Château des Husseaux

Le Château des Husseaux est une propriété privée qui ne se visite pas.

Le Château des Husseaux ne figure pas sur le cadastre avant 1856, date à laquelle il est dit achevé, dans un domaine agricole mentionné comme ferme sur la carte de Cassini. Le château semble avoir, dès sa construction, appartenu au marquis de Bouillé, mais fait comte en 1760, celui-ci délaisse les Husseaux pour Rilhat. Les Sainsbut de Garennes sont propriétaires du château qu’ils habitent encore en 1906. Madame de Sainsbut des Garennes a laissé la propriété des Husseaux à la famille Girardon en 1971.

Plusieurs propriétaires se sont succédés depuis la mention de la ferme. On retrouve la descendante du dernier propriétaire sous l’Ancien Régime, Françoise de Trochereau (issue de la lignée Trochereau – Moulins, Verneuil en Bourbonnais). Son oncle Claude Sébastien Trochereau de Boullay a été maire d’Hauterive de 1800 à 1806.
De son mariage avec Philippe Charles de Sainsbut des Garennes, son fils aîné, Jean François dit Auguste s’unit à Marguerite Perpétue Marie Bérault des Billiers. Malheureusement sans enfant, à son décès, les Husseaux passent à son frère cadet, Jean dit Francisque et à son épouse Louise Camille Bérault des Billiers (les deux frères étaient mariés aux deux soeurs).
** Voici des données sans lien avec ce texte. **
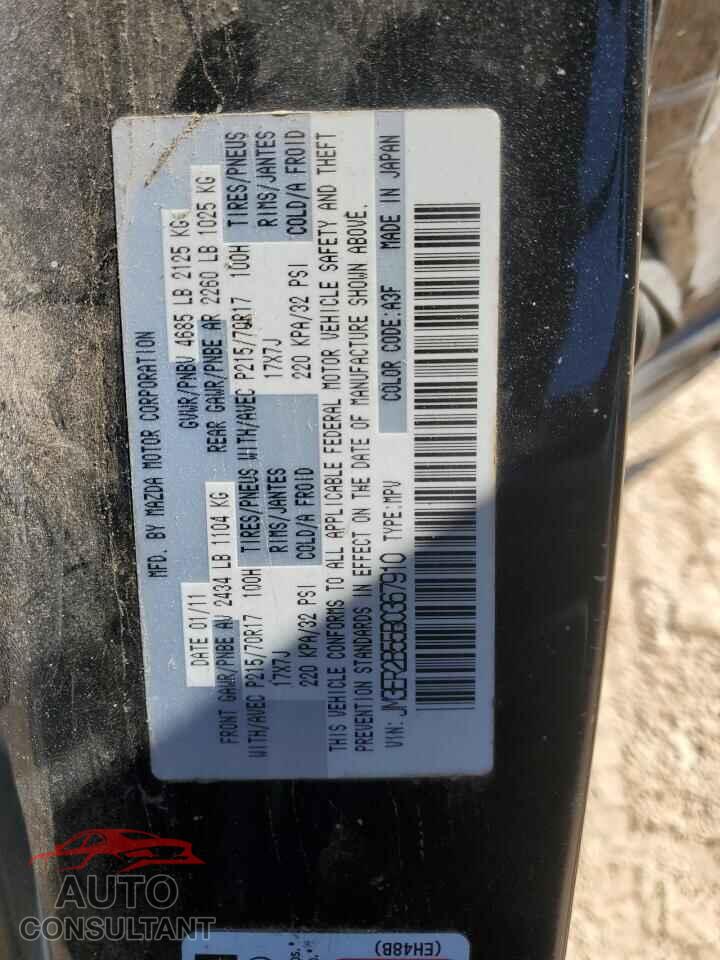 MAZDA CX-7 2011 - JM3ER2B55B0367910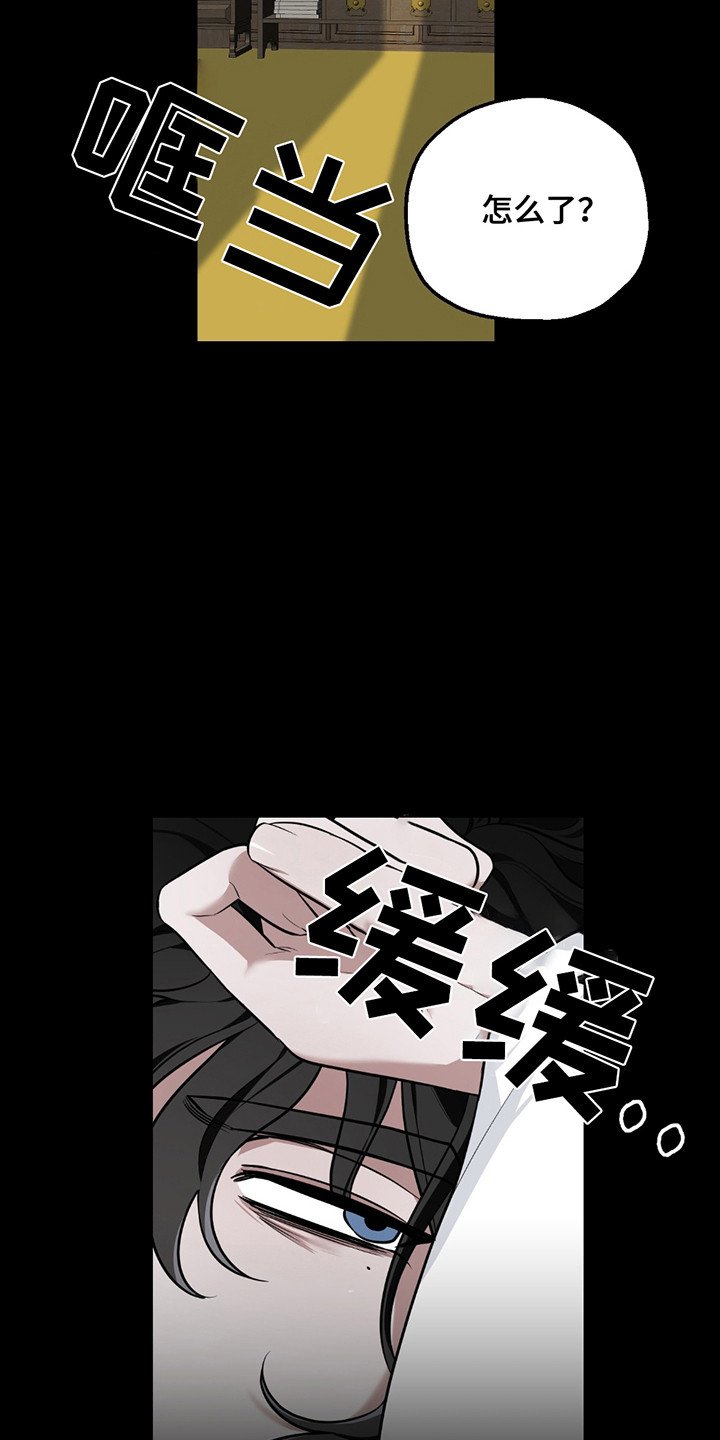 第5章：遗憾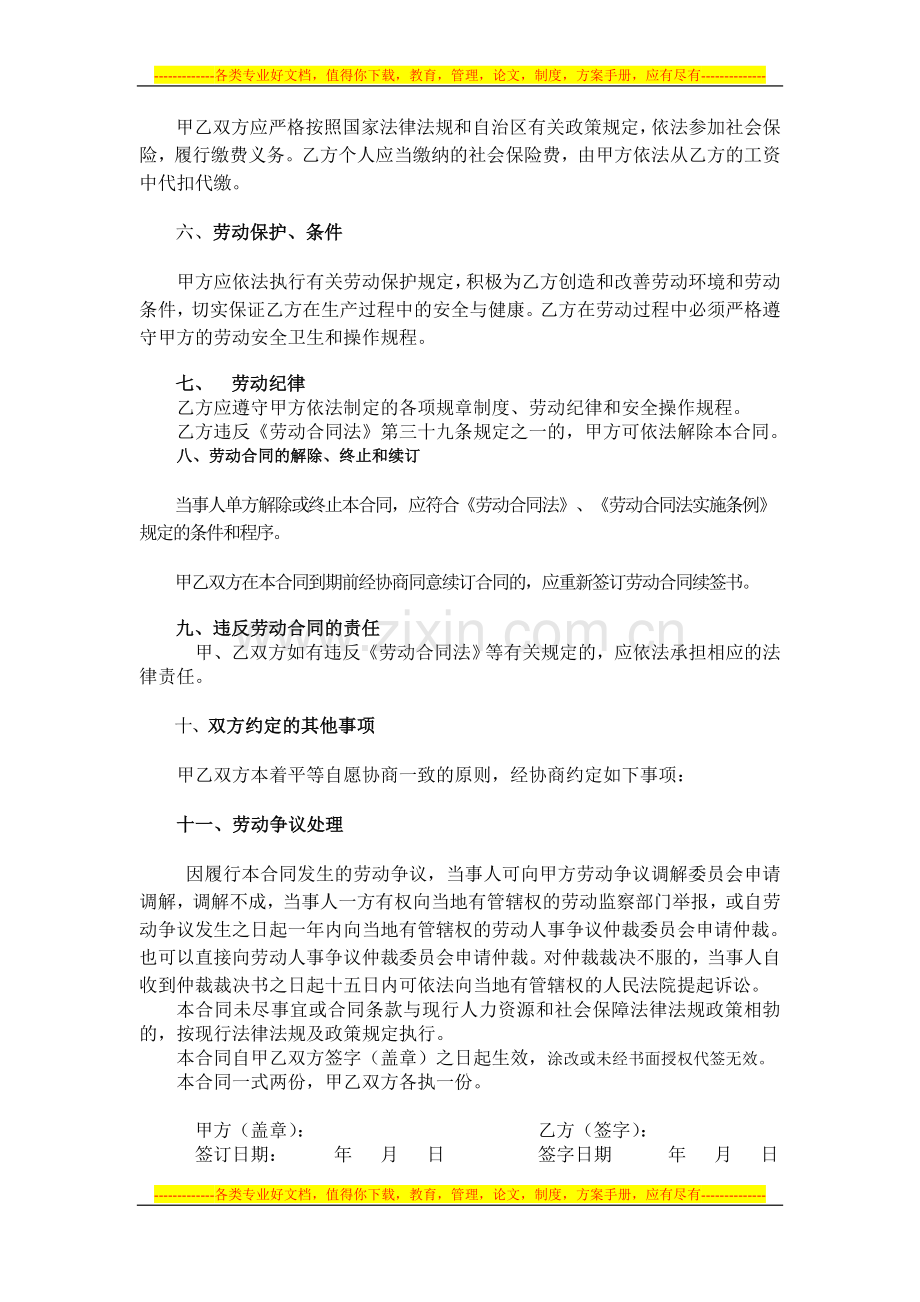 简易劳动合同书(示范文本).doc_第2页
Leur fils Marie Charles Antoine Médéric de Sainsbut des Garennes épouse Caroline Augustine Hélène Desmanèches et hérite du domaine.
Leur fils François Xavier décède à sa naissance et ils lèguent les Husseaux à leur nièce Marie Lezaud à la condition qu’elle entretienne l’école religieuse de la commune.
Elle épouse Pierre Louis Girardon, général de brigade.

Le Château, après 1856, s’est enrichi de la création d’un parc et d’un étang, les deux maisons en rez-de-chaussée au sud-ouest du château sont en pisé, matériau que l’on retrouve aussi partiellement et irrégulièrement sur les façades latérales de la grande grange-étable au sud-ouest. Le corps de logis principal est constitué de deux espaces rectangulaires avec formes emboîtées, à deux niveaux et niveau de comble, épaulés en pignon par des pavillons de pieds carrés. Les ouvertures ont suivi l’ordonnancement classique, rythmé au centre de la façade par un avant-corps. Celui-ci, de forme rectangulaire, se termine par une terrasse entourée d’une balustrade de pierre.